Reid was commissioned in the Corps of Royal Engineers, Board of Ordnance, as No. 419, with the rank of second lieutenant on 10 February 1809, promoted first lieutenant on 23 April 1810, whereupon he joined Wellington's army at Lisbon. From 1810 to 1814 he served with the British army in the Peninsular War. He returned to England in 1814 and was promoted second captain on 20 December. In 1815 he served in the latter stages of the Anglo-American War including participating in Sir Edward Pakenham's unsuccessful attack on New Orleans. In 1816 he returned to Woolwich to become adjutant of the Royal Sappers and Miners and in the same year he accompanied the expedition against Algiers under Lord Exmouth. From 1819 to 1824 he was on half pay. Between 1824 and 1827 Reid served with the Ordnance Survey in Ireland then without employment until on 28 January 1829 he was promoted regimental first captain and sent to Exeter to quell the reform riots. Reid was in the Leeward Islands in 1831 to direct the task of reconstruction after the Great Barbados hurricane and in Barbados saw at firsthand the destructive power of storms. He became interested in hurricanes, which were at the time a matter of intense scientific controversy. During his two-and-a-half-year stay he became absorbed in trying to understand the nature of North Atlantic hurricanes, which led to a lifelong study of tropical storms. In 1835 Reid commanded a brigade in the British Legion raised by the Queen Regent of Spain. In 1837 he was promoted lieutenant-colonel and was stationed from then until 1839 in Portsmouth. In England, Reid presented scientific ideas he had developed with William Redfield studying storm data before the British Association for the Advancement of Science in 1838 to great acclaim. In the same year Reid published his "An Attempt to Develop the Law of Storms by Means of Facts". For this he was appointed Companion of the Order of the Bath in 1838 and was elected a Fellow of the Royal Society in 1839. Reid published a second book in 1849, "Progress of the Development of the Law of Storms", and in that year became vice-president of the Royal Society. He was promoted colonel in 11 November 1851 and major-general 30 May 1856.
Personal life
On 5 November 1818 at Clapham, Surrey, Reid married Sarah, youngest daughter of John Bolland, hop merchant and Member of Parliament for Bletchingley, Surrey. They had five daughters.

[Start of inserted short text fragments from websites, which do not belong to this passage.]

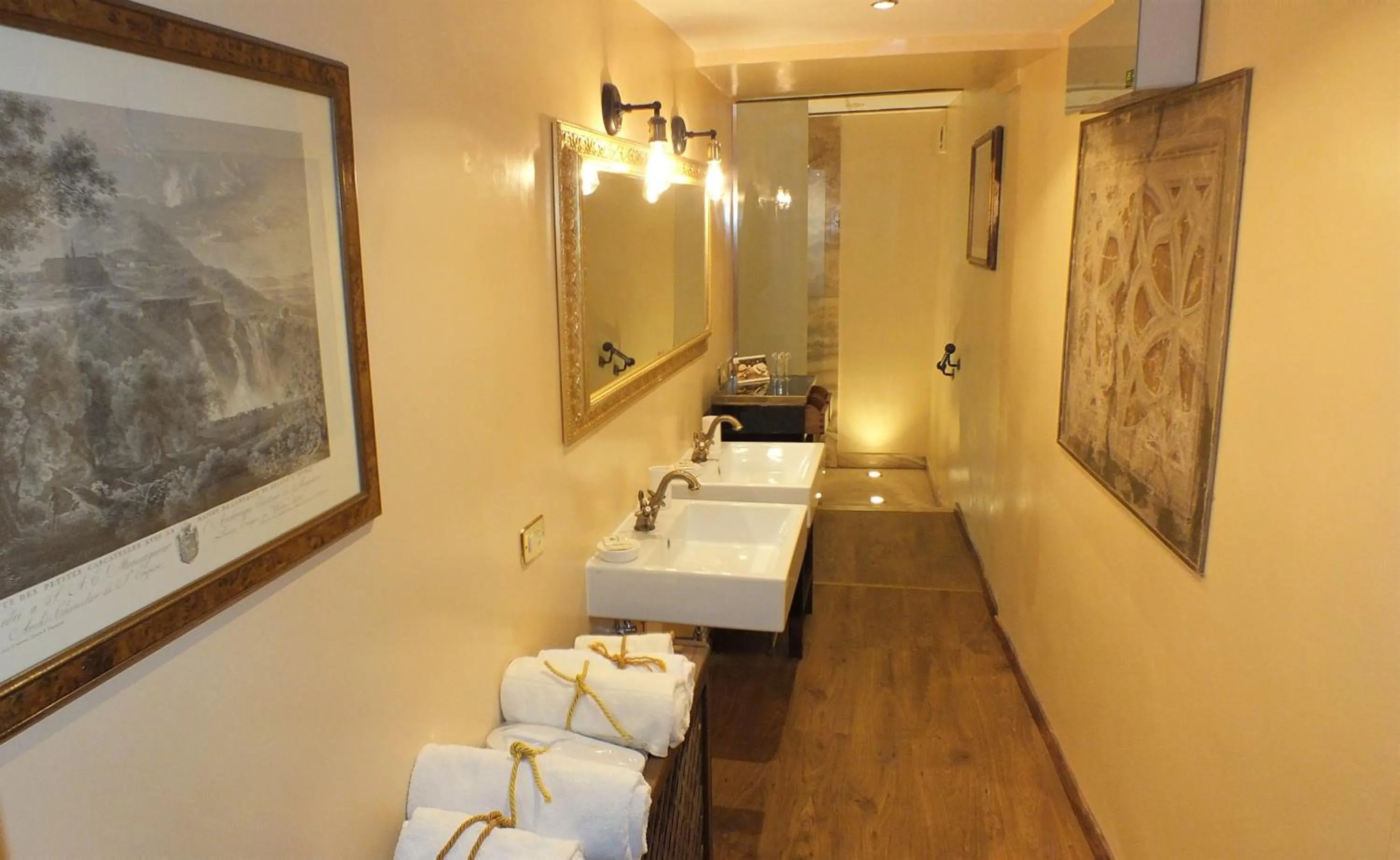 Bathroom in Residenze Gregoriane - Residenza d'Epoca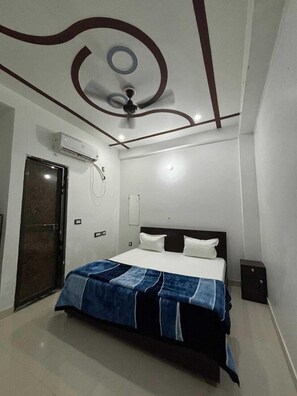 Habitación doble clásica | Escritorio, espacio para trabajar con laptop y wifi gratis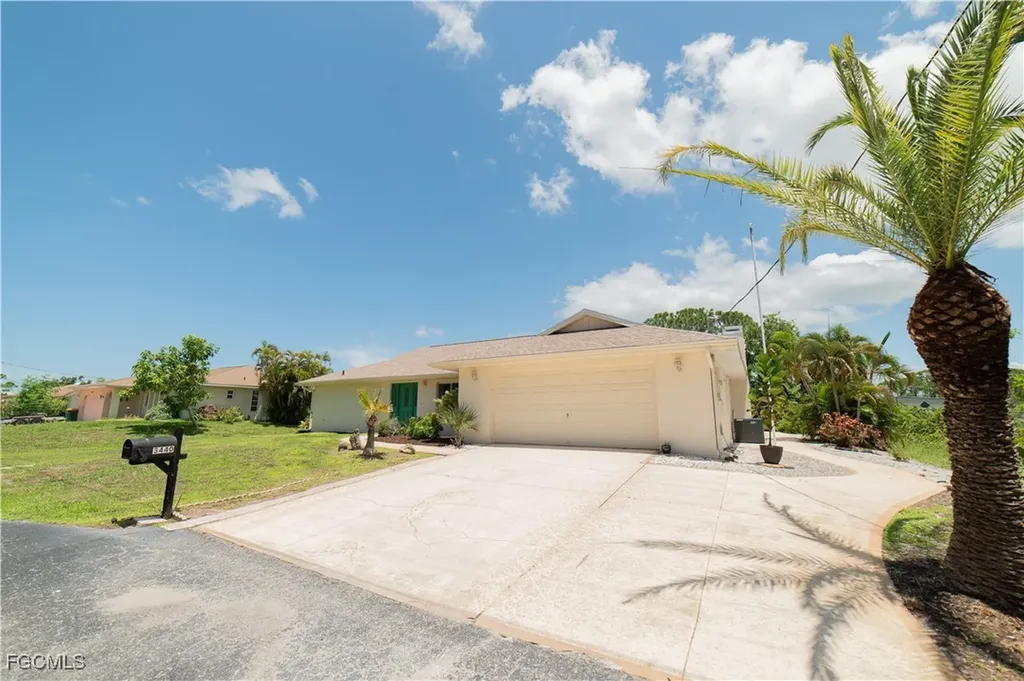 3440 Downing Street W Englewood FL 34224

Reid returned to England from Malta in 1858. He died aged 67 after a short illness at his home, 117 Gloucester Terrace, Hyde Park, London on 31 October 1858. His wife had died on 19 February 1858. Their five daughters survived them.
Legacy
Reid is now chiefly remembered for his contribution to the intense debate on storms which dominated meteorology in the first half of the nineteenth century. He is also remembered as a successful governor, genuinely concerned with the well-being of those he was sent to govern.